§ The problem
Without pictures, repeat exactly the lines from the one containing "BPS2022 - Banner" through the end of the entries.

===============

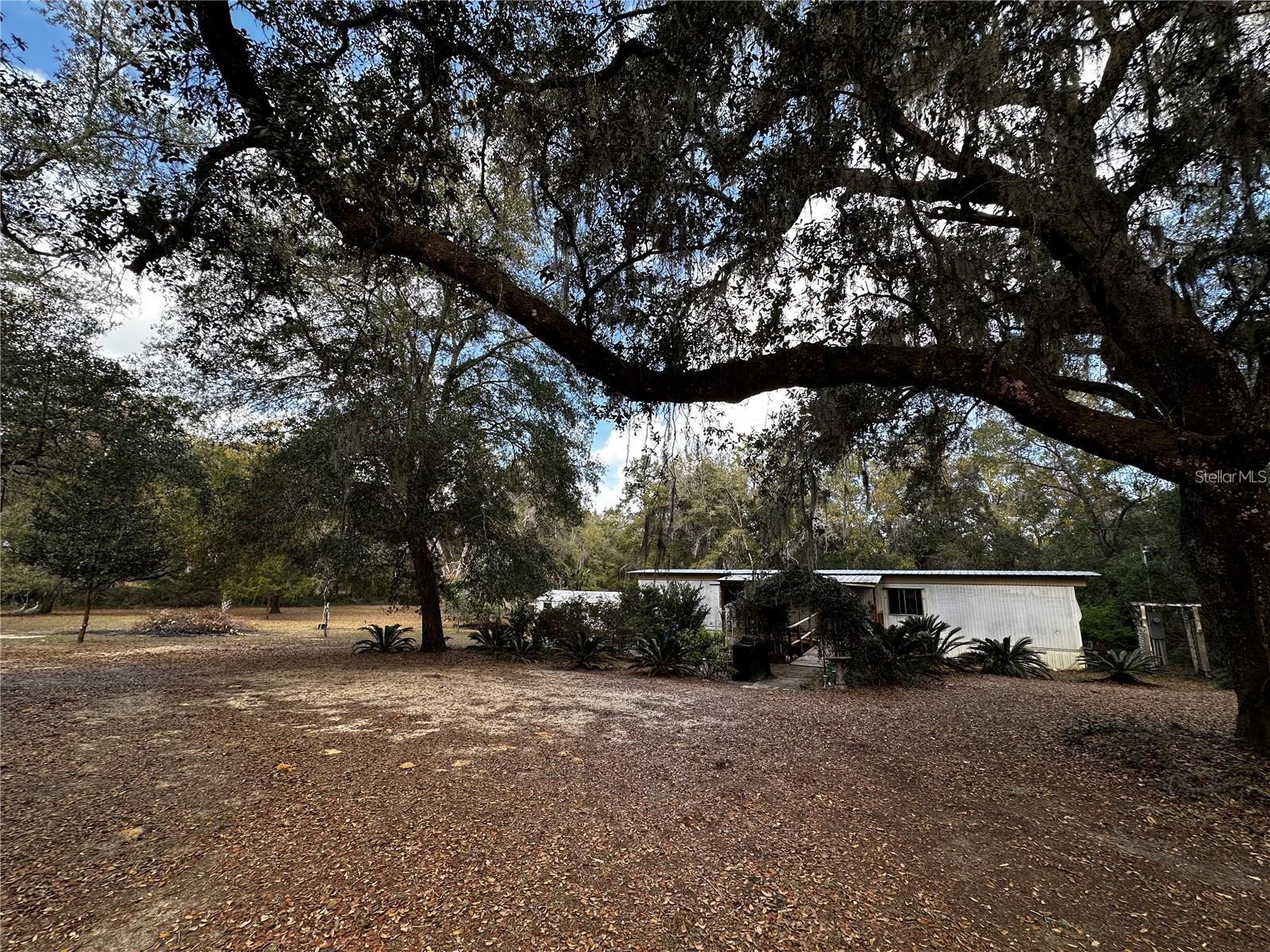 12212 NE 238TH TER, SALT SPRINGS, FL, 32134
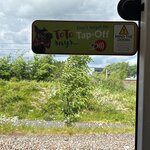 Photo taken by Tina D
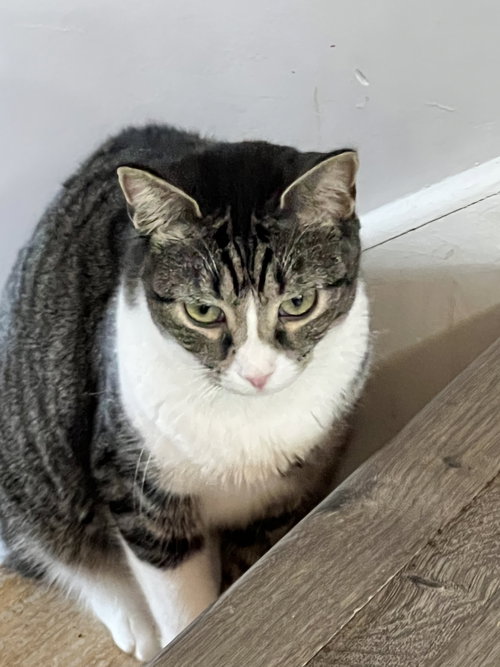 BRODY - Domestic Short Hair available for adoption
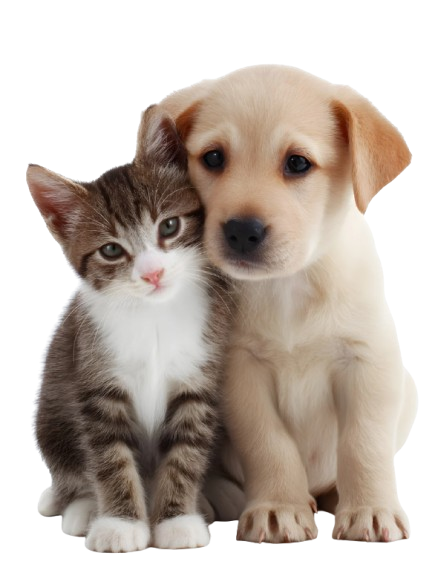 Soin animaux roanne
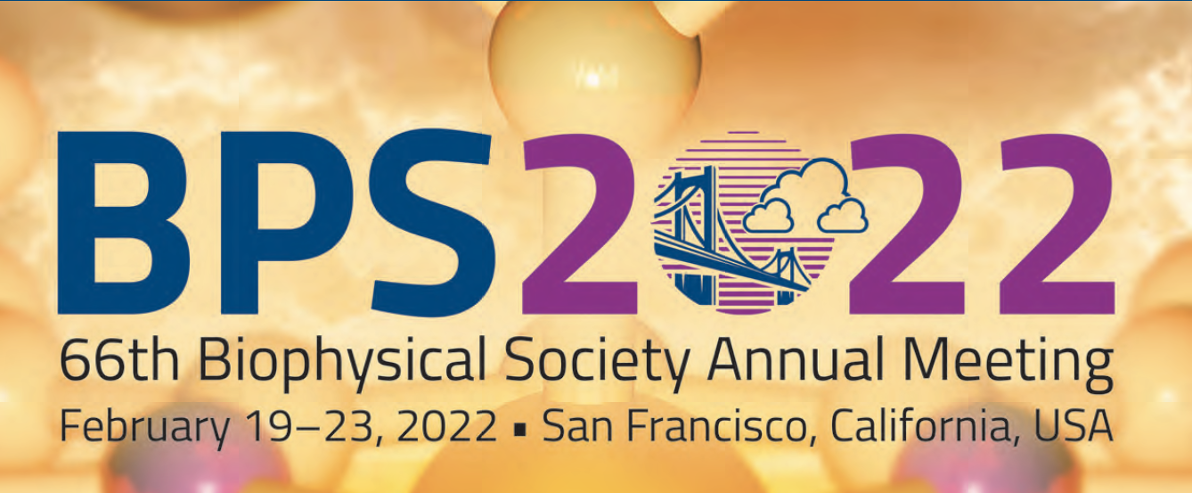 BPS2022 - Banner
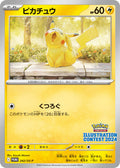 Pikachu - 242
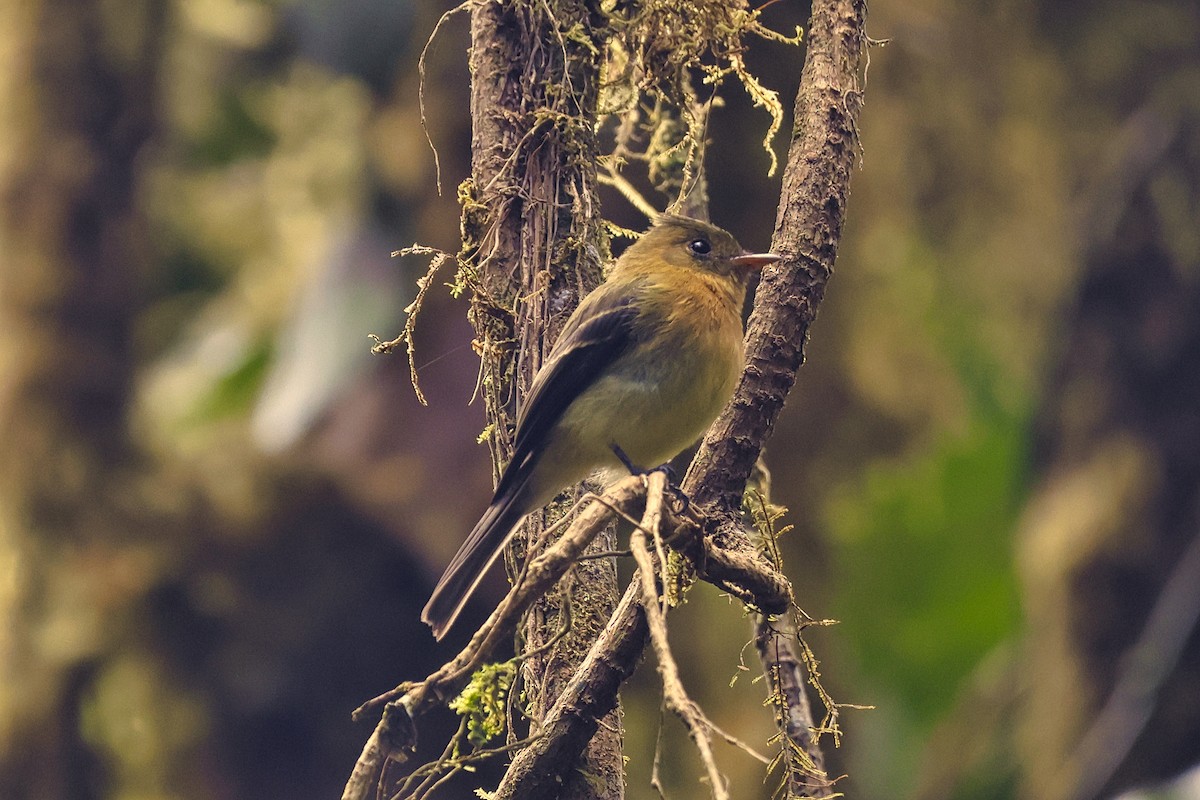 Tufted Flycatcher - ML627767845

===============

§ Answer below
 BPS2022 - Banner
 Pikachu - 242
 Tufted Flycatcher - ML627767845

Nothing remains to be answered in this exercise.